At only 7-weeks-old, Abigail Hope Cheng's little life is nothing short of a miracle.

To begin, her conception seemed improbable.

"I knew it was going to be a struggle to have children," Briggs said. 

It had been 12 years since she had a natural period.

"I was taking birth control pills so I was having it induced, but if I stopped ... I wouldn't have a cycle," she said.

But she and her partner, Mark Cheng, wanted a baby. So they tried IVF in March 2021. It didn't work, but a few months later, she woke up with morning sickness. She took a pregnancy test but didn't believe the results.

"Took the second one and it came out positive. And I was, like, 'Mark, we have a baby," she said.

The couple was astounded and elated until the excitement came crashing down at the 20-week ultrasound.

"We found out she was diagnosed with pleural effusion, which is fluid inside her chest cavity," Cheng said.

With fluid in her chest, Abagail's lungs and heart wouldn't fully grow and it would likely be fatal for the baby. They were living in Taiwan at the time and the couple went through two failed procedures and had three doctors telling them to end the pregnancy.
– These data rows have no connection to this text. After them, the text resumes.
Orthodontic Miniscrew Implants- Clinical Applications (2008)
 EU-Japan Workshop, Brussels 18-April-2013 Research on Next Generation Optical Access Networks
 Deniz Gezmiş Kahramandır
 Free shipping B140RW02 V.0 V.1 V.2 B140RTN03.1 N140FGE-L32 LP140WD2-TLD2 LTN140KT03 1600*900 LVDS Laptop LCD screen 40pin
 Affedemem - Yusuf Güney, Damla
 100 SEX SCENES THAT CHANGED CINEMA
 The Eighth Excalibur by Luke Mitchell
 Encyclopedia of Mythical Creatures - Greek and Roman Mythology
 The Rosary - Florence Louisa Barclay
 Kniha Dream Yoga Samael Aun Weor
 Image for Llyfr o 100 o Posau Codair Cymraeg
"(The doctors) just told us, yeah, the prognosis is pretty bad, you should consider abortion," Cheng said.

That's when they met Dr. Ramesh Papanna with UT Health in Houston.

"These are the stories that actually make us keep going," Papanna said.

The couple was running out of time and options until Papanna told them to fly to Houston for a procedure. There was a small problem: Papanna needed a specialized shunt, which he didn't have. Thankfully, a colleague in Canada did have it and shipped it overnight. It showed up on the same day the couple did -- Christmas.

"The most important thing for us was the baby was alive. I wasn't sure that would be the case," Papanna said.

The next morning, the procedure to save Abagail's life took only three minutes. Everything after that -- the rest of the pregnancy, delivery and the baby -- were all healthy as can be.

Two months before Mother's Day, Abagail Hope brought her family more than they ever imagined.

"It truly is beyond my wildest dreams," Briggs said. "She really taught us to hope for the impossible."

The family of three has been in Texas since they got here on Christmas. They're hoping to return to Taiwan with their newest addition in a few months.